Material shown START

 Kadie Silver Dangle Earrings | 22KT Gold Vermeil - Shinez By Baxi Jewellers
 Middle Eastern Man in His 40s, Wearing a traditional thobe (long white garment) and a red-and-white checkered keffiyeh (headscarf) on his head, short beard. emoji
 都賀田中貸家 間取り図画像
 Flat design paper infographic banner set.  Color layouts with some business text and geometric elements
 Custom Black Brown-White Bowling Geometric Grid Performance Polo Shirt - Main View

Material shown END
Material shown START

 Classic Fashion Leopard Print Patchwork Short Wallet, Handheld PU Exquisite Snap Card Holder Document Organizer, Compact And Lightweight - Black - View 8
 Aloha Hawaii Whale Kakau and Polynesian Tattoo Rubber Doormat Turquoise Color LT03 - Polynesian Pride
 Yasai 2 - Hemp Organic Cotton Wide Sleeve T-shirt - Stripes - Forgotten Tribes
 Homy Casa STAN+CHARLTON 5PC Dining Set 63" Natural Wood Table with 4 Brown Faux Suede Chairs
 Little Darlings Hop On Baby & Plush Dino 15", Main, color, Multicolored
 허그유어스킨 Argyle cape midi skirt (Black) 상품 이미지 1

Material shown END

Give back, exactly as written, the stretch from the line with "Kadie Silver Dangle" through the line with "Flat design paper", and no other lines from the records above.

Task response:
 Kadie Silver Dangle Earrings | 22KT Gold Vermeil - Shinez By Baxi Jewellers
 Middle Eastern Man in His 40s, Wearing a traditional thobe (long white garment) and a red-and-white checkered keffiyeh (headscarf) on his head, short beard. emoji
 都賀田中貸家 間取り図画像
 Flat design paper infographic banner set.  Color layouts with some business text and geometric elements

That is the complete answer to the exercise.